The protests have left the Kremlin facing a dilemma: Either bow to the pressure from the street and undermine its own authority by releasing Mr. Navalny or risk inciting more backlash and unifying the opposition by keeping him behind bars.
“There are few good options for Putin,” said Abbas Gallyamov, a Moscow-based political consultant and former speechwriter for Mr. Putin. “It seems like Navalny is attacking and the Kremlin is defending.”
Mr. Putin’s approval ratings have swooned in recent years amid a sluggish economy and protest activity. Observers say the Navalny demonstrations, if sustained, could pose a threat to Mr. Putin’s dominance despite constitutional changes approved last year that could allow him to stay in power until 2036.
The protests could “become the most prominent challenge for the authorities for all the 20 years of Putin’s reign,” said Tatiana Stanovaya, founder of R.Politik, an independent political-analysis firm. (source)
As I have said before, Navalny has many problems of his own, and I do not support him. Likewise, one should not think these protests are a wholly ‘organic’ thing, because they almost never are. What can be said is that, however, there are a lot of people, especially those under 30, who are very tired of the current state of affairs in Russia and can see where things are going, which is a very close veering toward the past.
Russia’s future, like that of Germany, is not a “bright” as it seems, but unlike Germany, she is extremely vulnerable, and no amount of strong language can hide this. The US has problems too, but not nearly those of Russia, who is facing the prospect of having her nation physically separate in a way not seen since the 16th century.
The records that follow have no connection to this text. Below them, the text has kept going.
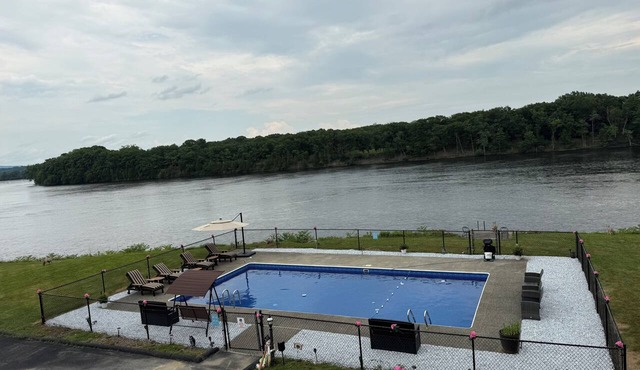 50% OFF SUMMER BY TRACK🏇TOWN🌃WATERFRONT 8 BEDS🏡HEATED POOL🏊‍♀️SAUNA🔥DECK🌊 FISH🐟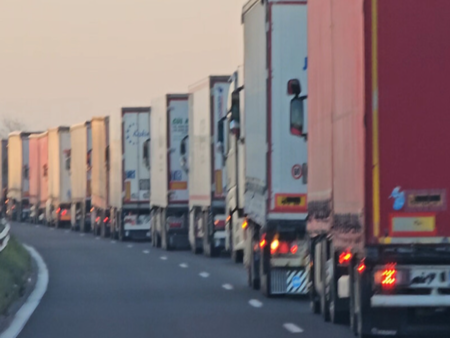 20-километрова колона от тирове преди "Капитан Андреево"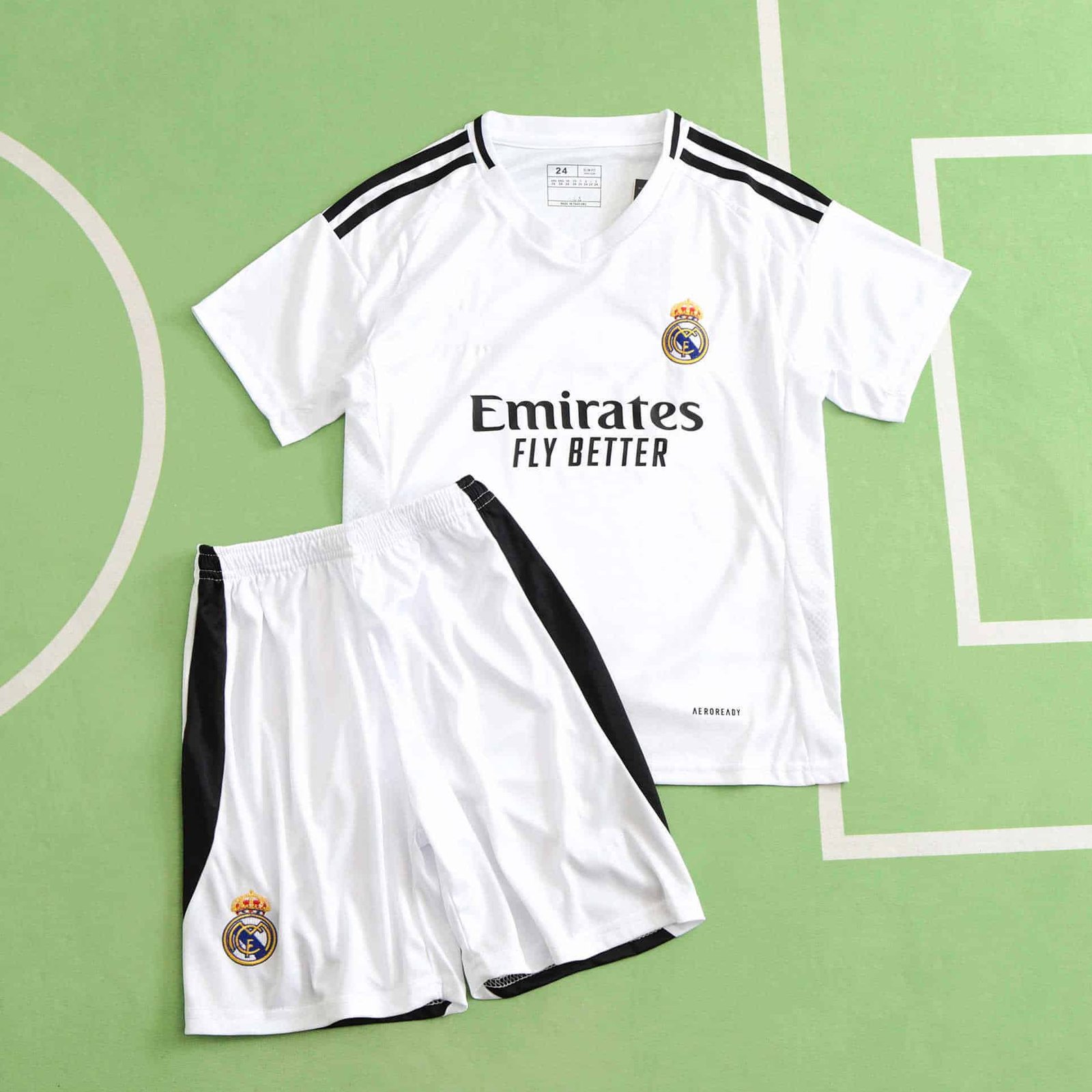2c11bfabaf 2425 season Real Madrid home Kids kit – Image 1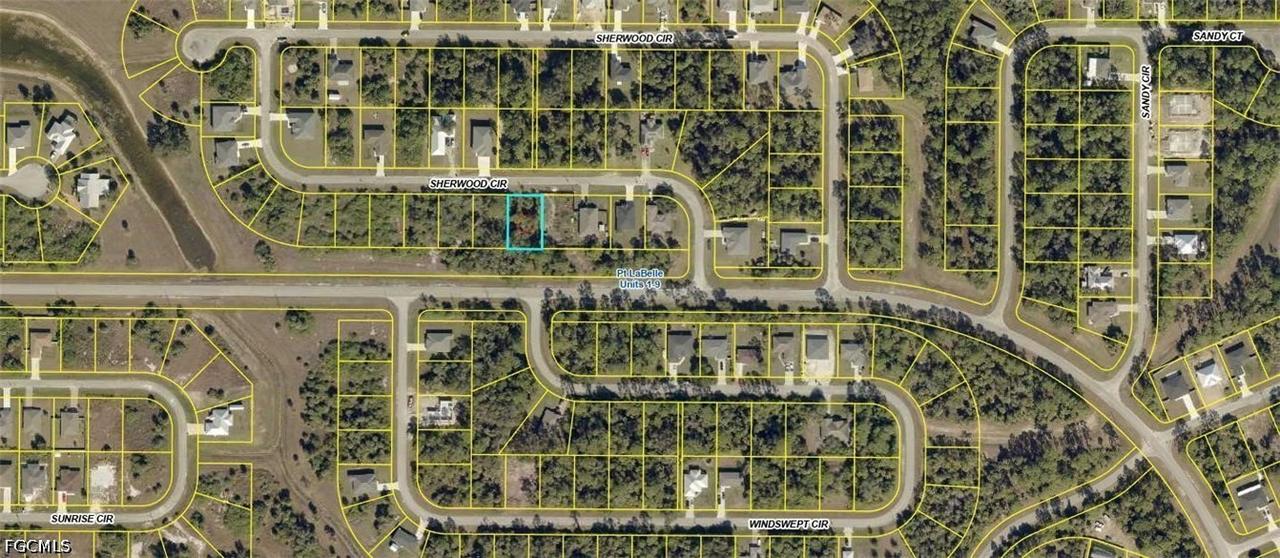 8009 Sherwood Cir., Labelle, FL 33935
Much of Russia’s future depends on the path that Germany decides to take, as Germany is rising as a European power once again an has made clear her intentions to do this with the decline of the post-World War II world. The question will be is if Germany stays with the US and allies against Russia- which would be absolutely destructive for her -or whether a Molotov-Ribbentrop type agreement with Russia can be made and in doing so, would allow the two nations to divide Europe once again and arguably force the US not into submission, but to play a greatly reduced role in politics.
The Navalny protests are about more than Navalny or just the near-term future of Russia, but could be a part in a centuries-affecting change that is yet to be seen, depending on the course of world events, and are something to pay close attention to.